The chunk manager handles both splitting and joining of contiguous, or near-contiguous, blocks of data.

Parameters

Parameter Description
overlap The amount of overlap between each segment, starting with the end of
first row. Negative values can be used for inducing gaps.
group_columns A sequence of column names which should be used for sorting groups.
keep_partial If True, keep segments which are shorter than chunk size (at end of
contiguous blocks)
tolerance The upper limit of a gap to tolerate in terms of the sampling
along the desired dimension. E.G., the default value means entities
with gaps <= 1.5 * {name}_step will be merged.
conflict Indicates how to handle conflicts in attributes other than those
indicated by dim (eg tag, history, station, etc). If “drop” simply
drop conflicting attributes, or attributes not shared by all models.
If “raise” raise an
[AttributeMergeError](dascore.exceptions.AttributeMergeError] when
issues are encountered.
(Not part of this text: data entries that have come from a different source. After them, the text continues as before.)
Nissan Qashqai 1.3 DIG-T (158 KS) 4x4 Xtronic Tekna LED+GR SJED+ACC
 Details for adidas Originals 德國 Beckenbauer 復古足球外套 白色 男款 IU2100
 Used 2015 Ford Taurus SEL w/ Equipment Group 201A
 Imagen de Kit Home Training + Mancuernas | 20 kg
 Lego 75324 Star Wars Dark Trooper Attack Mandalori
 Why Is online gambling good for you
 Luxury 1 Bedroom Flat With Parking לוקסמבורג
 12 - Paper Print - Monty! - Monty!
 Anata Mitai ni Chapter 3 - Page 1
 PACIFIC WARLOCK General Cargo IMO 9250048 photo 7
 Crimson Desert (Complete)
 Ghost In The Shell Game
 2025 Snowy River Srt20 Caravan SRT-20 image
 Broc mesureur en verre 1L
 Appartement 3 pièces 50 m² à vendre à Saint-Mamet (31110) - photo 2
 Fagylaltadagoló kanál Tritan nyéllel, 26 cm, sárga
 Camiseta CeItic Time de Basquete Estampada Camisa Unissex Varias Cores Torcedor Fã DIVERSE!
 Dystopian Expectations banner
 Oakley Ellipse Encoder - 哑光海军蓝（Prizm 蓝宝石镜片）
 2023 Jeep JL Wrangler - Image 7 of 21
If “keep_first”, just keep the first value
for each attribute.
**kawrgs kwargs specify the column along which to chunk. The key specifies the
column along which to chunk, typically, time or distance, and the
value specifies the chunk size. A value of None means to chunk on all
available data (e.g. merge all data).
Note

This class is used internally by dc.Spool.chunk.

Methods

Name Description
chunk Chunk a dataframe into new contiguous segments.
get_instruction_df Get a dataframe connecting the chunked dataframe to its origin.